En d’autres termes, Chypre est un cas particulier, selon l’analyse de Serge De Cillia. Il explique que, depuis son entrée dans l’UE en 2004, l’île tente de développer son secteur des services, ce à quoi n’a pas suffi l’industrie touristique soumise à la forte concurrence de la Grèce ou de la Turquie. On a voulu attirer l’activité par une fiscalité basse, poursuit Serge De Cillia, ce qui a conduit à une croissance très rapide du pays et de ses banques. En 2008 déjà, le secteur financier était trop important, estime le responsable de l’ABBL. Les dépôts bancaires venus de l’étranger ont ensuite été prêtés à bas taux au secteur de la construction chypriote, ainsi qu’aux entreprises, aux ménages et à l’Etat grecs, ce qui apparaissait alors comme un bon investissement, jusqu’à la décote de la dette grecque, résume Serge De Cillia. Les bilans des banques se sont alors effondrés et les crédits n’ont plus été remboursés, les prix de l’immobilier ont baissé et le chômage est monté, explique-t-il. En d’autres termes, on savait depuis des mois qu’il y avait des problèmes, indique Serge De Cillia, et il observe d’ailleurs que beaucoup d’étrangers en étaient conscients et auraient commencé à retirer leur argent de l’île.
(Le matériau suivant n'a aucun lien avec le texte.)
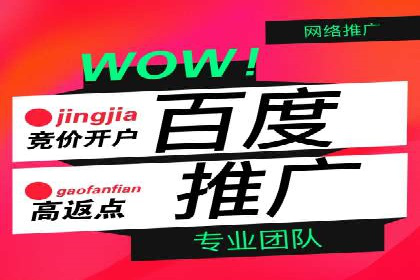 竞价推广代运营助力中小企业快速崛起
A ses yeux, il est difficile de dire si la solution trouvée est bonne ou mauvaise. "A court terme, il fallait une décision", observe Serge De Cillia qui estime toutefois qu’elle ne suffira probablement pas. "Dès que le contrôle sur les capitaux va être levé, les habitants et les étrangers vont retirer une partie de leur fortune, et je crois qu’une profonde récession va s’ensuivre", augure-t-il, imaginant qu’un deuxième plan de sauvetage pourrait s’avérer nécessaire, d’autant que les possibilités qu’a Chypre de diversifier son économie sont limitées. Serge De Cillia pense aussi que ceux qui vont perdre de l’argent à Chypre risquent de ne plus placer leur fortune dans la zone euro : la confiance dans la zone euro est au plus bas et l’argent russe risque sans doute de filer vers Londres, Hongkong et Singapour, présage-t-il.
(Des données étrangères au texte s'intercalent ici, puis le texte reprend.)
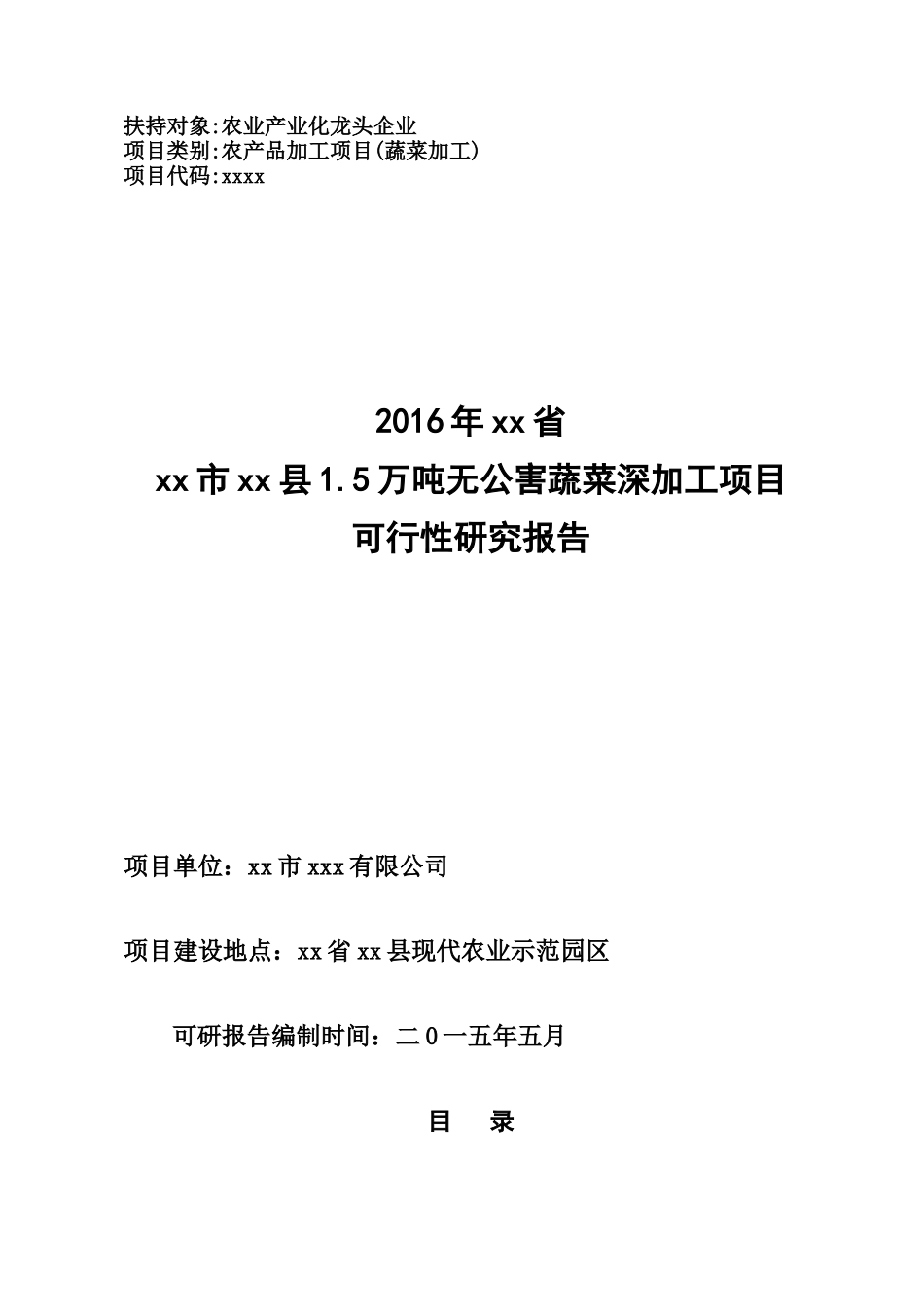 xx县无公害蔬菜产业园项目可研报告_第1页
Pour ce qui est de présenter le Luxembourg comme le prochain candidat à la crise, comme l’ont fait certains journaux dans la foulée de la publication de l’entretien de Jeroen Dijsselbloem au Financial Times, Serge De Cillia ne donne pas foi à ces faiseurs de panique. Pour lui, ce n’est que la preuve que les envieux sont toujours plus nombreux. Il résume ainsi l’argumentation qui prévaut : le Luxembourg risquerait la crise pour la seule raison qu’il a une place financière florissante. Le Luxembourg n’est pourtant pas le seul pays où les actifs bancaires dépassent le PIB du pays, souligne-t-il en évoquant notamment la Suisse, dont personne ne met en cause la solidité pour autant.